На переломе эпох. Исповедь психолога - страница 6



Поворот судьбы

Был солнечный май 1972 года, я бродила по маленькому деревянному уютному сибирскому городку Ялуторовску, где когда-то в ссылке, после каторжных работ, проживала колония декабристов из семи человек. Гуляя, я набрела на деревянный домик с полисадничком перед окнами, который мало чем отличался от соседних. Мемориальная доска на стене домика свидетельствовала, что в ссылке здесь проживал декабрист Матвей Иванович Муравьев-Апостол. Строя свой дом, в фундамент он заложил бутылку со скупой записочкой, в которой для будущих потомков перечислял фамилии живущих вместе с ним в Ялуторовске ссыльных товарищей.

По неслучайной прихоти судьбы, через сотню лет в домике поселился ссыльный агроном Иван Юрьевич Азолин, увлекающийся краеведением и по крохам собирающий материалы об истории Ялуторовска. Перед самой войной, перекатывая дом, Азолин обнаружил бутылку с запиской Муравьева-Апостола, удостоверявшей принадлежность этого дома ссыльному декабристу. И эта записка послужила главным доводом для открытия в 1938 году в доме Матвея Ивановича первого в Советском Союзе мемориального музея декабристов.

Уже после войны вернувшийся с фронта учитель истории, тоже заболевший краеведеньем, Терентьев Иван Степанович стал директором музея и посвятил себя сбору мемориальных экспонатов в этот музей.

Весь Ялуторовск помогал Ивану Степановичу собирать вещи декабристов, хранившиеся в семьях горожан. Уезжая из Ялуторовска после указа о помиловании в 1856 году, декабристы дарили своим ялуторовским друзьям, соседям, ученикам свою мебель, домашнюю утварь, книги. И вот сейчас эти бережно, из поколения в поколение хранившиеся вещи, собирались в свой родной дом.
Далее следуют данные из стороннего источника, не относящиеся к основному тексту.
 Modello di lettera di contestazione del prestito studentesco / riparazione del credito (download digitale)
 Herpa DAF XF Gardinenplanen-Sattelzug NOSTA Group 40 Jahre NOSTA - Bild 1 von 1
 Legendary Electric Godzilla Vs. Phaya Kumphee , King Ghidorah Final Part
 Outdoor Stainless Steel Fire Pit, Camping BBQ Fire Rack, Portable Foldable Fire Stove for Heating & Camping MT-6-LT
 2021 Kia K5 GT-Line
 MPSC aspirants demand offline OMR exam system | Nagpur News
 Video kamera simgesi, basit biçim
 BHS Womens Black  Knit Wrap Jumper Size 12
Дом не походил на музей. Он был обжитым и уютным, будто хозяева только на время отлучились и незримо присутствуют в маленьких комнатах с низкими, небольшими оконцами. Служители музея говорили о декабристах, как о живых и хорошо знакомых людях. Сочувствовали горькой судьбе лучшего друга Матвея Ивановича Якушкина Ивана Дмитриевича, жене которого царь не разрешил следовать за мужем. И она умерла, не выдержав разлуки, оставив двух малолетних сыновей. Всю свою оставшуюся жизнь Иван Дмитриевич прожил бобылем и посвятил себя воспитанию чужих детей. Ему удалось открыть две школы, мужскую и женскую. Государственным преступникам не разрешалось заниматься образовательной деятельностью, и местный священник Знаменский взял на себя большой грех, назвав светские школы, обучение в которых велось декабристами по составленным ими же программами, церковно-приходскими.
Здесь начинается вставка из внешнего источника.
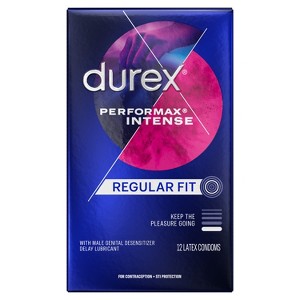 Durex Performax Intense Ultra Thin Lube Condoms - 12ct - 1 of 4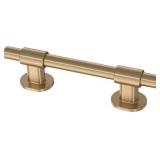 Franklin Brass Adjusta-Pull (5-Pack) Adjustable Drawer Pulls | Fits 1-3/8 to 4 Inch Hole Centers | Champagne Bronze Cabinet Handles | Francisco
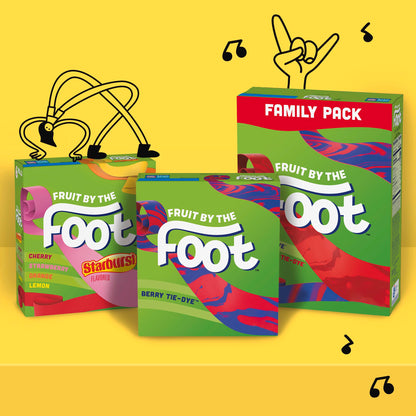 Fruit by the Foot Fruit Flavored Snacks, Starburst, Variety Pack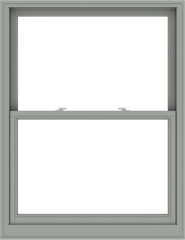 WDMA 44x57 (43.5 x 56.5 inch)  Aluminum Single Double Hung Window without Grids-1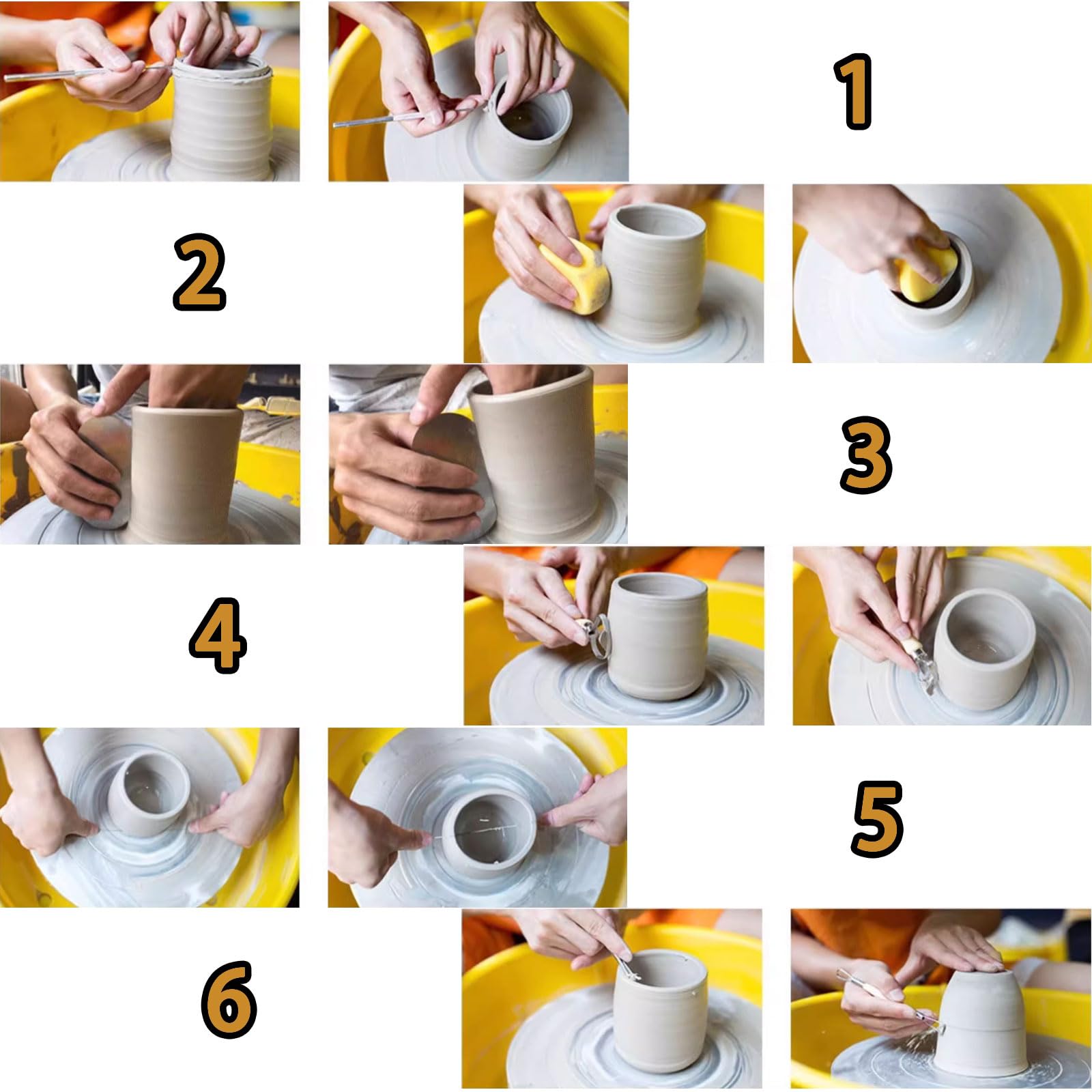 Clay Tools Kit, 52 PCS Complete Clay Tools Set for Sculpting and Pottery, Pottery Tools Includes Polymer Clay Tools, Sculpting Tools, Ceramic Tools, Clay Carving Tools, Perfect Pottery Tool Kit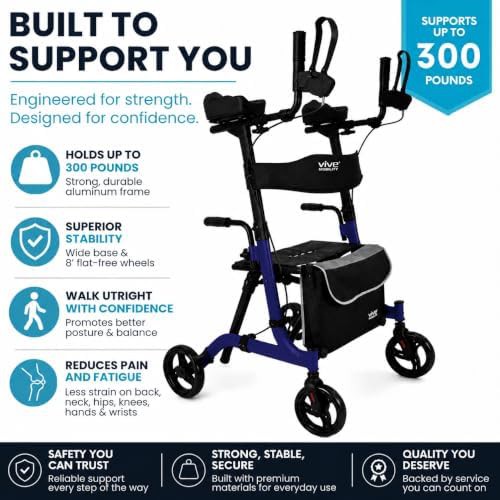 Standard Upright Stand Up Rollator — photo 3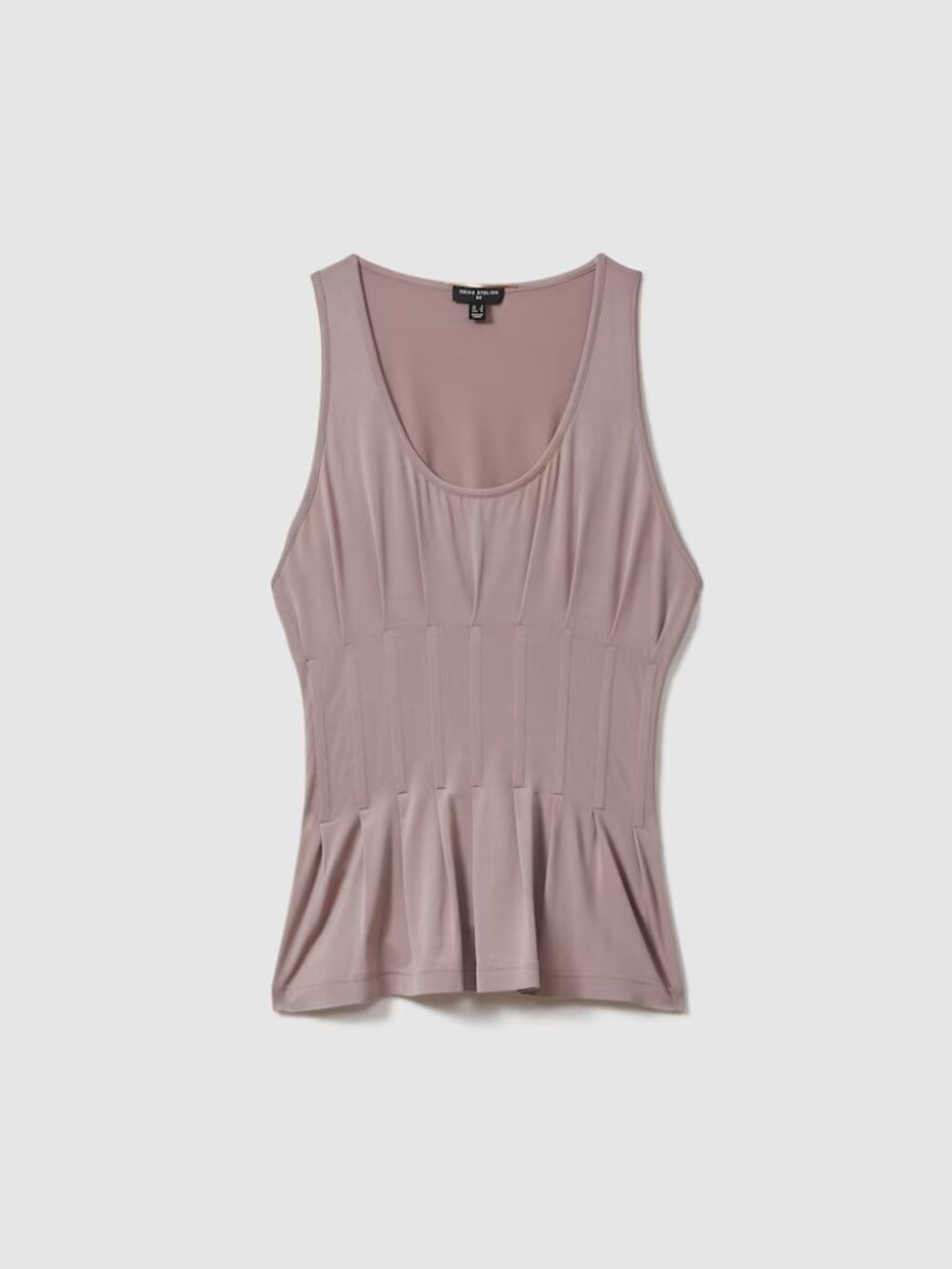 REISS Atelier Fernanda Corset Detail Scoop Neck Vest – Mink – US 6 / UK 8 NWOT - Picture 4 of 5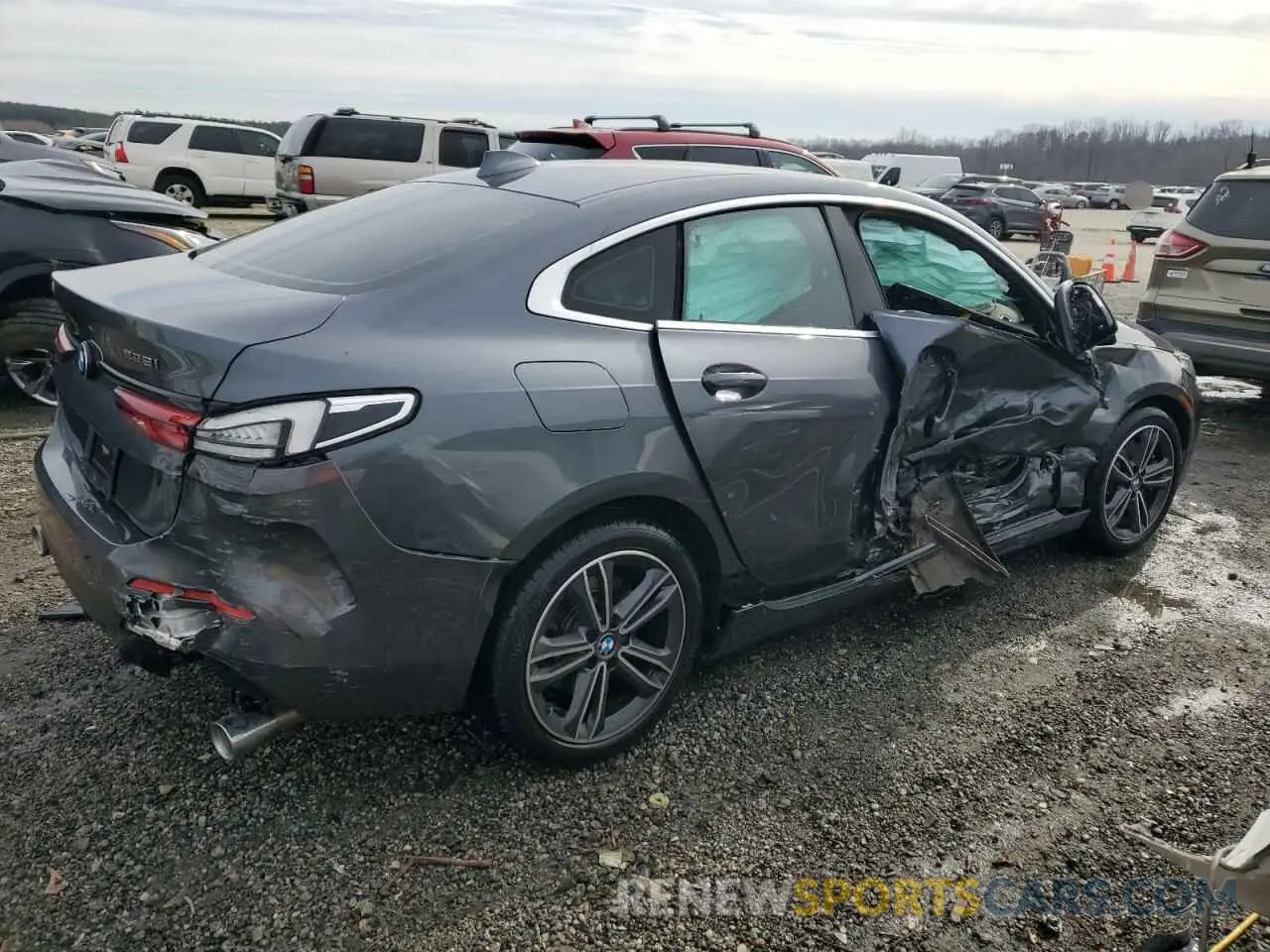 3 Photograph of a damaged car WBA53AK04M7J63499 BMW 2 SERIES 2021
Душой общества был Иван Иванович Пущин, лучший лицейский друг Пушкина, судьба которого была не менее романтичной, но более счастливой, чем судьба Якушкина. Он тоже через всю жизнь пронес любовь к одной женщине, жене декабриста генерала Фонвизина, который в ссылке вместе с женой жил в Тобольске. Наталья Дмитриевна Фонвизина несколько раз навещала Ивана Ивановича, и уже после помилования и возвращения из ссылки, когда муж умер, влюбленным на склоне лет удалось обвенчаться и доживать свою жизнь вместе.
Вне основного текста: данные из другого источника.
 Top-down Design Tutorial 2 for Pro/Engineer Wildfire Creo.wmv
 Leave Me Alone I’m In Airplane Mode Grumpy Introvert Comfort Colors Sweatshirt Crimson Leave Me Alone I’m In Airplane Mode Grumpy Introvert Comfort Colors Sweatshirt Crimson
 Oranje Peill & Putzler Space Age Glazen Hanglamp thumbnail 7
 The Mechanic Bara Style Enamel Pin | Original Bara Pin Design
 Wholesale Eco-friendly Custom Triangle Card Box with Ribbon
Иван Иванович имел склонность к адвокатской деятельности, он писал за горожан и крестьян из прилегающих деревень прошения и ходатайства в суд и к местному начальству, защищая неграмотное население от лихоимства.

Там, в Ялуторовске, открылась для меня одна истина, о которой почему-то не говорилось в наших учебниках истории. Самый большой жизненный подвиг декабристы совершили не столько 14 декабря 1825 года, выйдя бунтарями на Сенатскую площадь, сколько здесь, в заснеженной Сибири, где провели они последующие тридцать лет, в отрыве от родных, от культурных центров и привычного образа жизни. Здесь их гражданский долг и духовность выдержали испытание в негромких малых и добрых делах, незаметном служении людям и их повседневным нуждам. Великодушие, благородство и бескорыстие, с которым несли они свой крест и свою миссию, не остались незамеченными окружающими. Аура добрых дел, исходящая от них, пропитывала воздух этого, затерявшегося в просторах Сибири городка, жила в памяти потомков и делала их души миролюбивыми и благожелательными, что не могло не чувствоваться здесь и спустя полтора века.